Work instruction | The answer must consist solely of the lines from the opening line of the entries through the line with "Schwäne auf dem Köppchensee", transcribed exactly and without any pictures.

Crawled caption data
+++
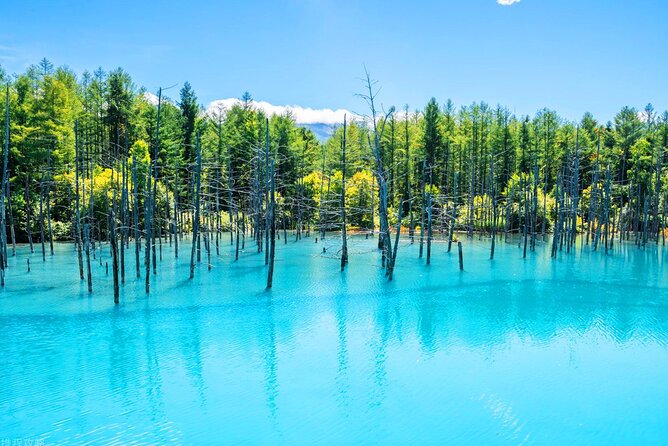 Hokkaido 1 Day Tour to Asahiyama Zoo, Blue Pond and Fairy Terrace - The Blue Pond: A Natural Masterpiece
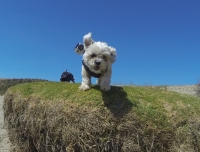 GoPro Charlie!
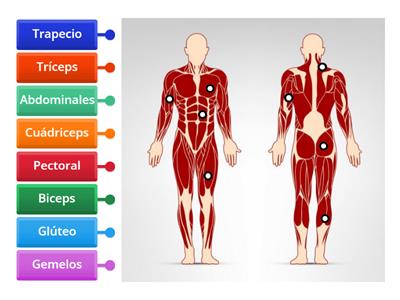 Músculos del cuerpo humano 3ro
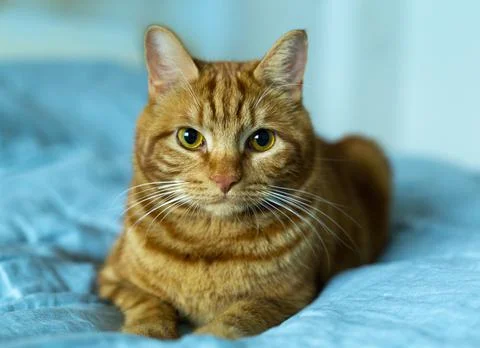 Red cat lying on a turquoise background Stock Photos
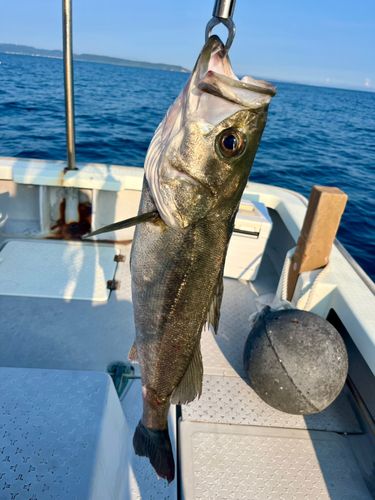 スズキの釣果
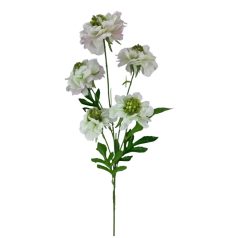 Szálas ördögszem - Cirmos - 67 cm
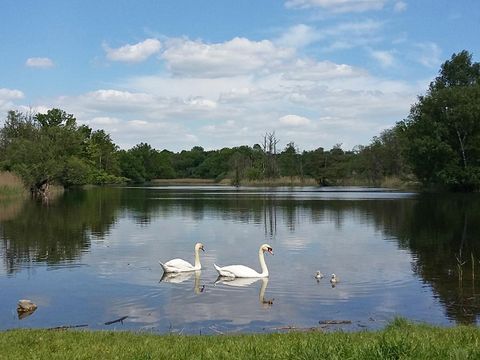 Schwäne auf dem Köppchensee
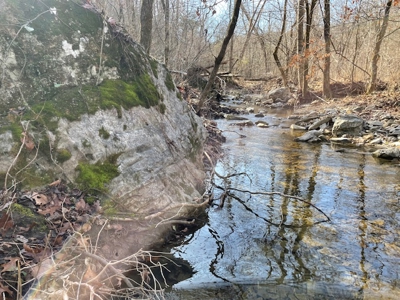 Southeast Facing Building Site On Wooded 37 Acre Ozark Mountain - image 13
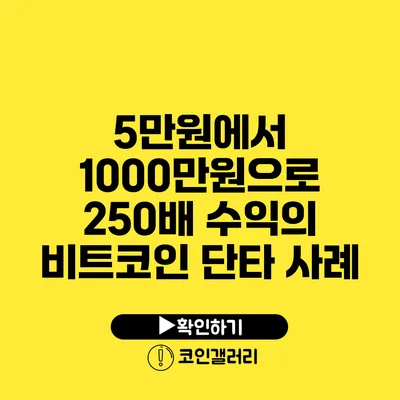 5만원에서 1000만원으로: 250배 수익의 비트코인 단타 사례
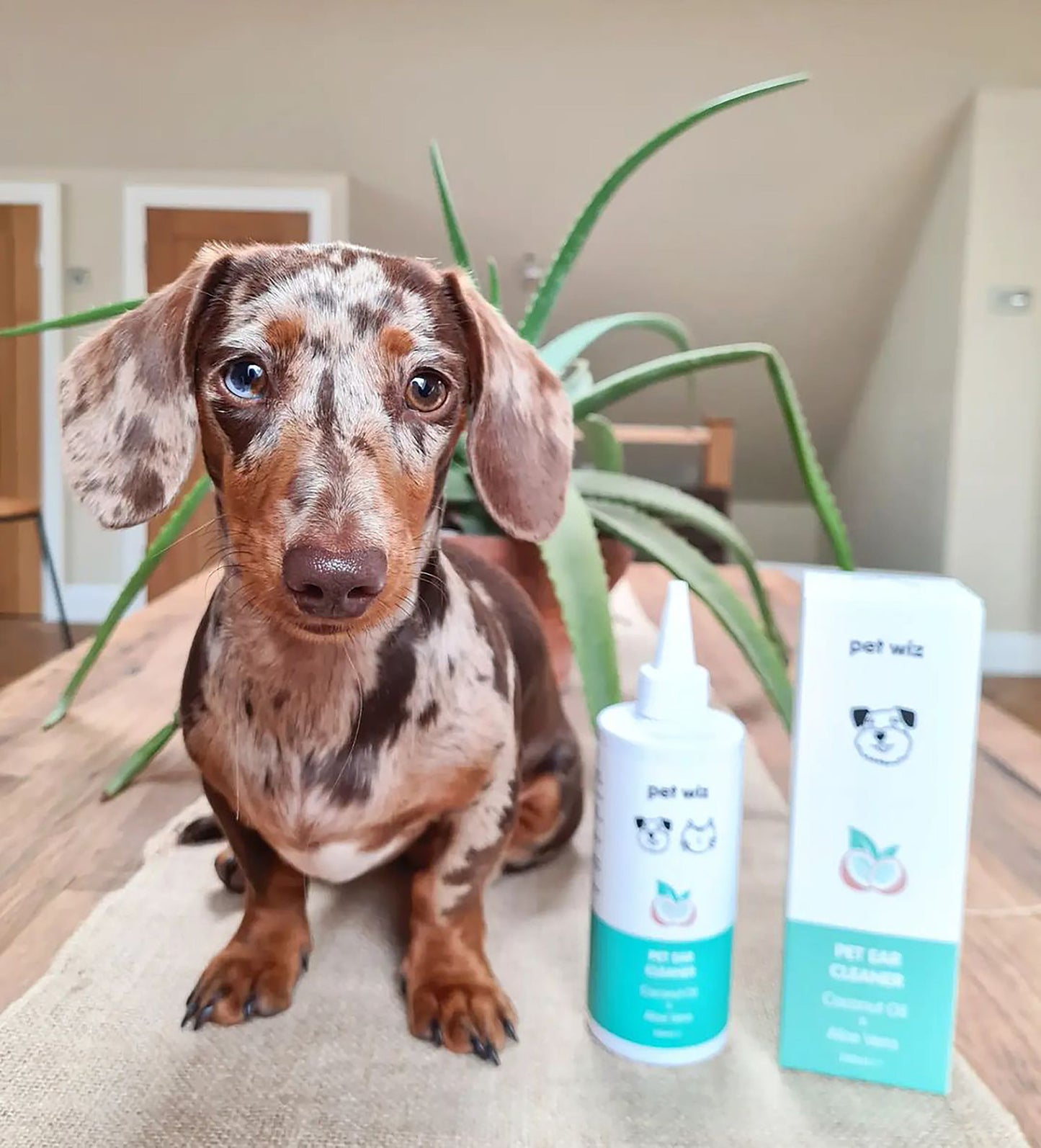 Ear Cleaner for Dogs & Cats - Coconut Oil & Aloe Vera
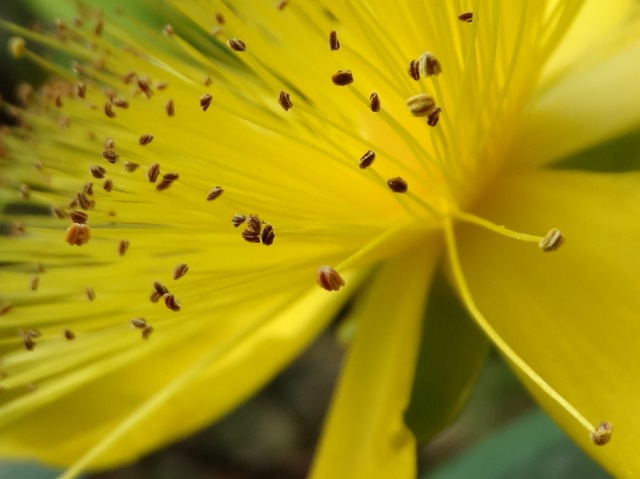 Hypericum calycinum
+++
Answer to this exercise |
 Hokkaido 1 Day Tour to Asahiyama Zoo, Blue Pond and Fairy Terrace - The Blue Pond: A Natural Masterpiece
 GoPro Charlie!
 Músculos del cuerpo humano 3ro
 Red cat lying on a turquoise background Stock Photos
 スズキの釣果
 Szálas ördögszem - Cirmos - 67 cm
 Schwäne auf dem Köppchensee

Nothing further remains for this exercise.